Nucléaire et gaz en embuscade
Quelles autres solutions pourraient bénéficier de la forte demande du numérique ? Parmi les énergies renouvelables, seule la géothermie semble trouver grâce aux yeux de l’administration Trump, sans doute car les technologies nécessaires à son développement sont en partie les mêmes que celles du secteur pétrolier et gazier (ex : le forage). Par ailleurs, la géothermie a l’avantage de produire de l’électricité mais aussi de la chaleur. Preuve du soutien de la Maison-Blanche, le 7 janvier dernier, le Bureau des technologies géothermiques (GTO), branche du Département américain de l’énergie (DoE), a lancé un nouveau programme visant à accélérer le développement de projets géothermiques dans 13 Etats.

Autre énergie décarbonée, le nucléaire est également soutenu par la Maison-Blanche car les Etats-Unis disposent également d’une industrie en la matière. Après des décennies sans construire de nouveaux réacteurs, la filière pourrait trouver un second souffle grâce aux SMR (small modular reactors), moins complexes et plus rapides à déployer que les grandes centrales construites au XXe siècle. Parmi les entreprises en pointe sur ce segment de marché, citons Tennessee Valley Authority (TVA), énergéticien reconnu outre-Atlantique opérant 5 GW de centrales nucléaires, à gaz, à charbon, hydroélectriques mais aussi solaires. L’entreprise a obtenu le mois dernier une subvention de 400 M$ du DoE pour son projet de SMR de Clinch River. L’objectif est de le mettre en service début 2030. Le DoE a fourni un montant identique à la société Holtec pour un autre projet de SMR situé quant à lui dans le Michigan et qui vise une mise en service également au début de la décennie prochaine.

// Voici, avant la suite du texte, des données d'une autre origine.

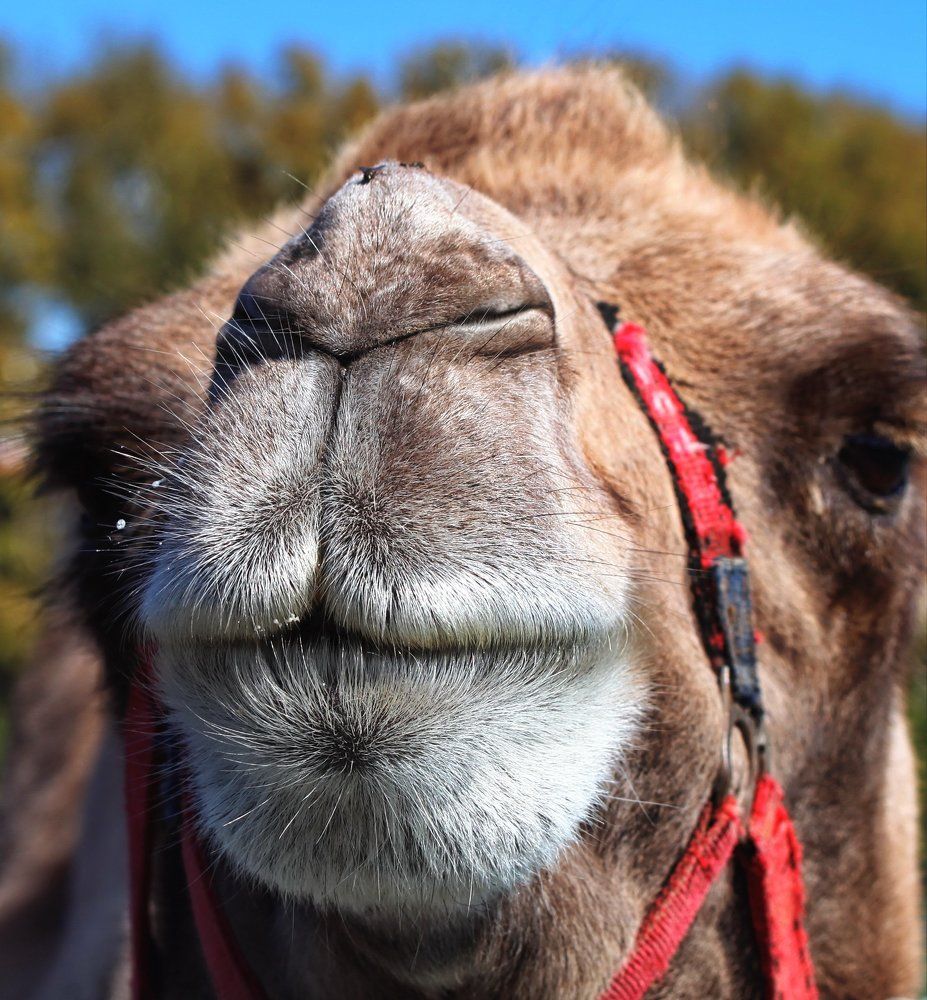 Милая мордашка.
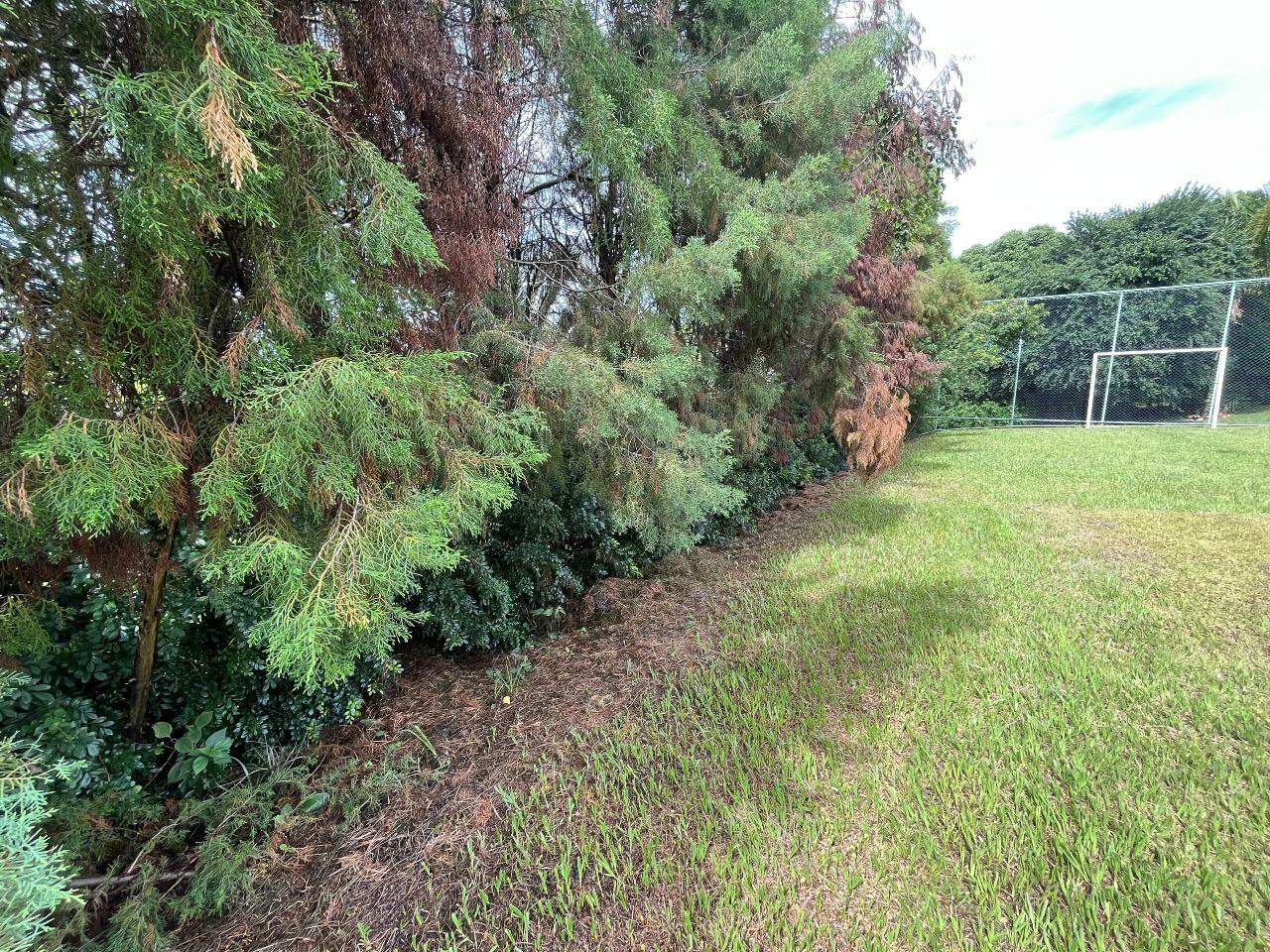 Terreno em Condomínio à venda no Colinas do Piracicaba , no bairro Colinas do Piracicaba (Ártemis) em Piracicaba - SP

Dernière énergie – fossile – qui devrait assurément bénéficier de la hausse de la consommation d’électricité : le gaz naturel. Les projets de centrales électriques fonctionnant au gaz se multiplient outre-Atlantique avec la bénédiction de Donald Trump. Selon le Global Energy Monitor, quelque 85 GW de projets de cycles combinés gaz sont actuellement en développement, ce qui représente le deuxième plus gros pipeline de projets au monde derrière la Chine. De quoi concurrencer les projets d’énergies renouvelables mais aussi interroger sur la capacité d’exportation réelle de gaz naturel liquéfié (GNL) de l’Oncle Sam dans les prochaines années. “Le risque existe de voir les Etats-Unis décider d’un embargo sur le GNL comme celui qui a perduré pendant des décennies sur le pétrole brut. Cela dépendra de l’évolution du prix du gaz sur le marché intérieur”, estime Didier Holleaux. Un point que devraient étudier attentivement les gouvernements européens qui ont décidé depuis la guerre en Ukraine de substituer une partie des approvisionnements russes par du gaz américain.